Closed DHekstra closed 1 month ago
Did all of the failed runs include --refine-uncertainties
?
You can you try increasing the --mc-samples
to 20 if you have enough memory or decreasing the --learning-rate
to 1e-4 if you don't.
yes, I think all successful and failed runs had --refine-uncertainties
.
I'll make both suggestions.
okay -- can you compile a list of parameters for which runs succeeded and failed? maybe the failures have something in common.
Tentatively the same problem as https://github.com/rs-station/careless/issues/61 which was resolved by https://github.com/rs-station/careless/pull/62. I'll report back.
not sure if this is causal, but the ev11 likelihood should be adjusted to used a shift in its bijectors for transformed variables: https://github.com/rs-station/careless/blob/5a1dbf5174c43fe4796b8d1e4f299f7fa3a268eb/careless/models/likelihoods/mono.py#L40
note to self:
--epsilon
may help.@DHekstra , is it true that the common factor in failed training runs was not Student T but rather image layers?
yes, that is true. this batch of runs did not include a no-image layer "control". the no-image-layer case did complete without problems previously.

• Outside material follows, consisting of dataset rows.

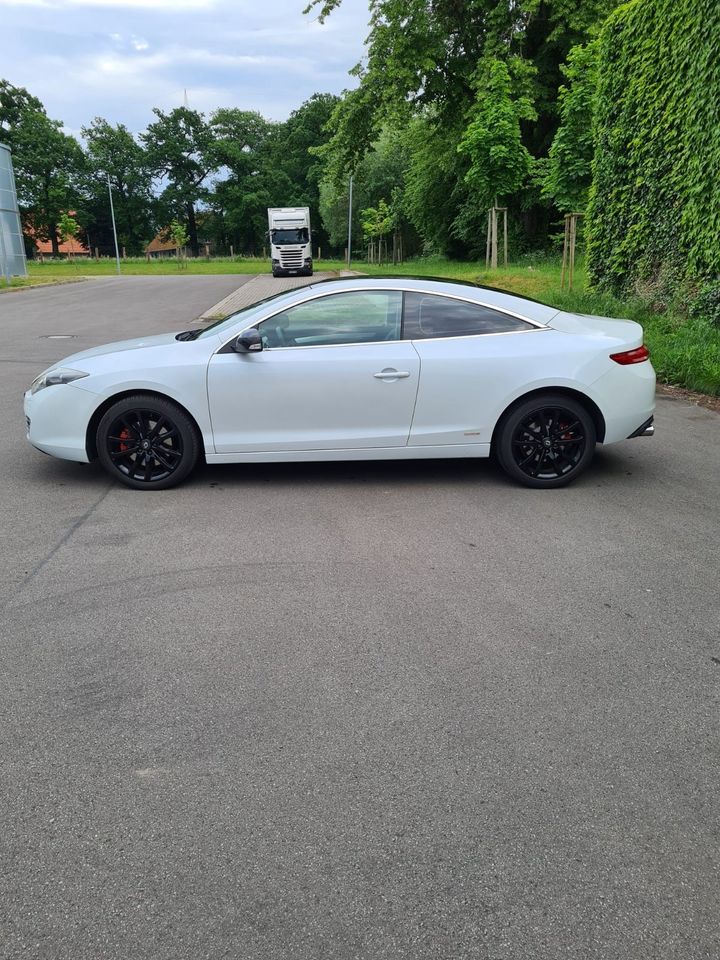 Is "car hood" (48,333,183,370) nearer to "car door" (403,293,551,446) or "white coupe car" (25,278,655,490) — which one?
"white coupe car" (25,278,655,490)

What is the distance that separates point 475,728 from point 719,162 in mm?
9170

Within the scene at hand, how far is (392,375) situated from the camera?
18.2ft

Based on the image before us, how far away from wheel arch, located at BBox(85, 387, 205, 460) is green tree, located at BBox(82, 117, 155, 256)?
307 ft

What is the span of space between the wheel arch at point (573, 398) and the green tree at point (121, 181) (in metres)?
94.5

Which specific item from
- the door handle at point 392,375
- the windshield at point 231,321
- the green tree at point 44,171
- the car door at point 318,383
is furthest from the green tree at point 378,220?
the door handle at point 392,375

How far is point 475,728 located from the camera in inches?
114

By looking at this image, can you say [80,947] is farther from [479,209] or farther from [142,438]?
[479,209]

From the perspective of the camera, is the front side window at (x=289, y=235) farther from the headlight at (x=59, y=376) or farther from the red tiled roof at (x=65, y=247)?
the red tiled roof at (x=65, y=247)

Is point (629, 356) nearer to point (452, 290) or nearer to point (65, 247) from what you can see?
point (452, 290)

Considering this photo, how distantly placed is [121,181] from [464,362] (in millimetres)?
97234

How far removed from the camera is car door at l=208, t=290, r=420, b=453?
18.1 ft

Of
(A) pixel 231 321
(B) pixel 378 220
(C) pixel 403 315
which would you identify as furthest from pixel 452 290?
(B) pixel 378 220

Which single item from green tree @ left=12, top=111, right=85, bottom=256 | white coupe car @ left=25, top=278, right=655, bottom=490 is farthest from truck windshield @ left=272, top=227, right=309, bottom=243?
green tree @ left=12, top=111, right=85, bottom=256

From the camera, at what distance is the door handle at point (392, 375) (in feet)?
18.1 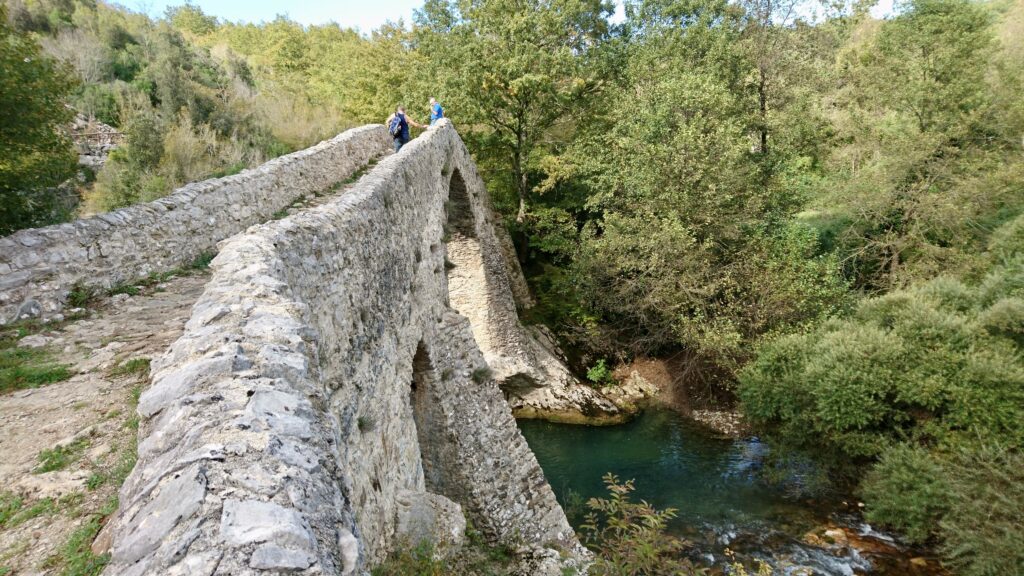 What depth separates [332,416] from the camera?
2.53 meters

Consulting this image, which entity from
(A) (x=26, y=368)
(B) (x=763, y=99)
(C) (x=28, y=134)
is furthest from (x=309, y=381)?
(B) (x=763, y=99)

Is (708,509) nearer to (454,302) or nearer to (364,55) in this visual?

@DorisMai found a bug (https://github.com/rs-station/careless/pull/122) in the surrogate posteriors which could have been leading to numerical instability. After I do the next release, it'd be nice to see if your issues go away.
Okay, @DHekstra , please give version 0.3.5 a try when you have a chance.
I think this is fully addressed by #167 and #168. I'm closing this until we hear of numerical issues cropping up again.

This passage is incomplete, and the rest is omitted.